**What needs to be done**
From the entries below, return exactly the lines beginning at the one that contains "Cofle 11.6562 Hand" and ending at the one that contains "2009 Rolex Datejust", both of them included, and only those lines.

**Extracted data**
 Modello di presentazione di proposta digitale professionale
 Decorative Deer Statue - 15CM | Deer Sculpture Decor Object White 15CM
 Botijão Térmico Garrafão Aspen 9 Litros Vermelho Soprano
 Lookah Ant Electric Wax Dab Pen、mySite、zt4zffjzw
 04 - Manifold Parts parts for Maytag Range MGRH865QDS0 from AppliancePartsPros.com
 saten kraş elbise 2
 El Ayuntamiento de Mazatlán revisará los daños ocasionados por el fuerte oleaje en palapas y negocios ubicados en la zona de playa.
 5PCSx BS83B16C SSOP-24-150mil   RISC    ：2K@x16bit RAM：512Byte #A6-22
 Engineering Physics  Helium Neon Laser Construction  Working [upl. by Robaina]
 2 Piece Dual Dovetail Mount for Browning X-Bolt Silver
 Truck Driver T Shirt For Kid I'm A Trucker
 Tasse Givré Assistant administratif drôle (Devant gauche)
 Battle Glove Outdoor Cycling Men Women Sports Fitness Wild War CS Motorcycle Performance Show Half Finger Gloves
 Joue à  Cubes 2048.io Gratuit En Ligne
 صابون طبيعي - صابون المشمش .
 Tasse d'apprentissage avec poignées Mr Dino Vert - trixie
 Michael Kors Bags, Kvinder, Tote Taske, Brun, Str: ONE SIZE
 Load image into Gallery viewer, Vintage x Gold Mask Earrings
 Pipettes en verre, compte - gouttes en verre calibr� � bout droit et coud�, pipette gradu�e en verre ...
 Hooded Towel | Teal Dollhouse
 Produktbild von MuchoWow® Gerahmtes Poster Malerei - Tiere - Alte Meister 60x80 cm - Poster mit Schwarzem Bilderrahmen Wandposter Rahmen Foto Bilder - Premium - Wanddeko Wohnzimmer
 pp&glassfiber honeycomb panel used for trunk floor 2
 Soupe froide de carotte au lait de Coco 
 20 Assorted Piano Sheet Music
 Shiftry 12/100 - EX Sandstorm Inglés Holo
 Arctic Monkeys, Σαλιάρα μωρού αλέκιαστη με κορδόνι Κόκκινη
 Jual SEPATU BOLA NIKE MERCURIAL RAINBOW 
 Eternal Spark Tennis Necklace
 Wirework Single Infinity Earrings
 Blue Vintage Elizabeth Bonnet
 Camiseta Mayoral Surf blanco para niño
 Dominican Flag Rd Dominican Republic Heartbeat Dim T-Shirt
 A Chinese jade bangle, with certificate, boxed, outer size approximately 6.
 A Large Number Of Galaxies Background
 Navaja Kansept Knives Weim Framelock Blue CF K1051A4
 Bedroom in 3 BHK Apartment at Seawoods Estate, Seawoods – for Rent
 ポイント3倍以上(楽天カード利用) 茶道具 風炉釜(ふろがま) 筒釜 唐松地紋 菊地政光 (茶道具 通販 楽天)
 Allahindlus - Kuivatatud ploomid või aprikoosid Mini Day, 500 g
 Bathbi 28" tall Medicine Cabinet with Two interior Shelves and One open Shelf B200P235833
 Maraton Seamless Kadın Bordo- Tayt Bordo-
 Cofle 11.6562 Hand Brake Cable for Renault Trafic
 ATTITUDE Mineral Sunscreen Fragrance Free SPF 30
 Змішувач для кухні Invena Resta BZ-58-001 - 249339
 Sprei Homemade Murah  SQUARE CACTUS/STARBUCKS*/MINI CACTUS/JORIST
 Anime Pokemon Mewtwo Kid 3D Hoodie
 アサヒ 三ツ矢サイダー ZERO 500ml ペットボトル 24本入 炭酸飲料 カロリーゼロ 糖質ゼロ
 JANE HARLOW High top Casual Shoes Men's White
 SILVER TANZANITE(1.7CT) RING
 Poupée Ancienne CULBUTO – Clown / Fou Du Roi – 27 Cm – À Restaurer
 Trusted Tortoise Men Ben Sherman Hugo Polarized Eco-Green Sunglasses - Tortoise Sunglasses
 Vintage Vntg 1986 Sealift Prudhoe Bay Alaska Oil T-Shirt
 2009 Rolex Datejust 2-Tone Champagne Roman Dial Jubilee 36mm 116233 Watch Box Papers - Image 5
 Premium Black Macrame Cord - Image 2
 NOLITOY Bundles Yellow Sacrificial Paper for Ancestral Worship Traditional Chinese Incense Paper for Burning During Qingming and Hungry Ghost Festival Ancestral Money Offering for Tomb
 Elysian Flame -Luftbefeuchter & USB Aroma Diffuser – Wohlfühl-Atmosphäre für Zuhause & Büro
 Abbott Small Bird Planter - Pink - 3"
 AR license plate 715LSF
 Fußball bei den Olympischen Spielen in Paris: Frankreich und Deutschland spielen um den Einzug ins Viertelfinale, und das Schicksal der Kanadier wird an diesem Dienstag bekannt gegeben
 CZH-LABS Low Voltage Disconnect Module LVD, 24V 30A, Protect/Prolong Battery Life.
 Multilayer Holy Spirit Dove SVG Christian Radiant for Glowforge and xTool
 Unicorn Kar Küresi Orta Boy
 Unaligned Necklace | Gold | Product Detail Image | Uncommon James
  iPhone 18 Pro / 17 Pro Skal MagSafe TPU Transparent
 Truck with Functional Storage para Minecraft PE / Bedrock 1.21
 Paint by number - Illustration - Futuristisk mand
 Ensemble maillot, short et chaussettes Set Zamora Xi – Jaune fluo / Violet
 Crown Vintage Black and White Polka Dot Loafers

**Answer to the problem**
 Cofle 11.6562 Hand Brake Cable for Renault Trafic
 ATTITUDE Mineral Sunscreen Fragrance Free SPF 30
 Змішувач для кухні Invena Resta BZ-58-001 - 249339
 Sprei Homemade Murah  SQUARE CACTUS/STARBUCKS*/MINI CACTUS/JORIST
 Anime Pokemon Mewtwo Kid 3D Hoodie
 アサヒ 三ツ矢サイダー ZERO 500ml ペットボトル 24本入 炭酸飲料 カロリーゼロ 糖質ゼロ
 JANE HARLOW High top Casual Shoes Men's White
 SILVER TANZANITE(1.7CT) RING
 Poupée Ancienne CULBUTO – Clown / Fou Du Roi – 27 Cm – À Restaurer
 Trusted Tortoise Men Ben Sherman Hugo Polarized Eco-Green Sunglasses - Tortoise Sunglasses
 Vintage Vntg 1986 Sealift Prudhoe Bay Alaska Oil T-Shirt
 2009 Rolex Datejust 2-Tone Champagne Roman Dial Jubilee 36mm 116233 Watch Box Papers - Image 5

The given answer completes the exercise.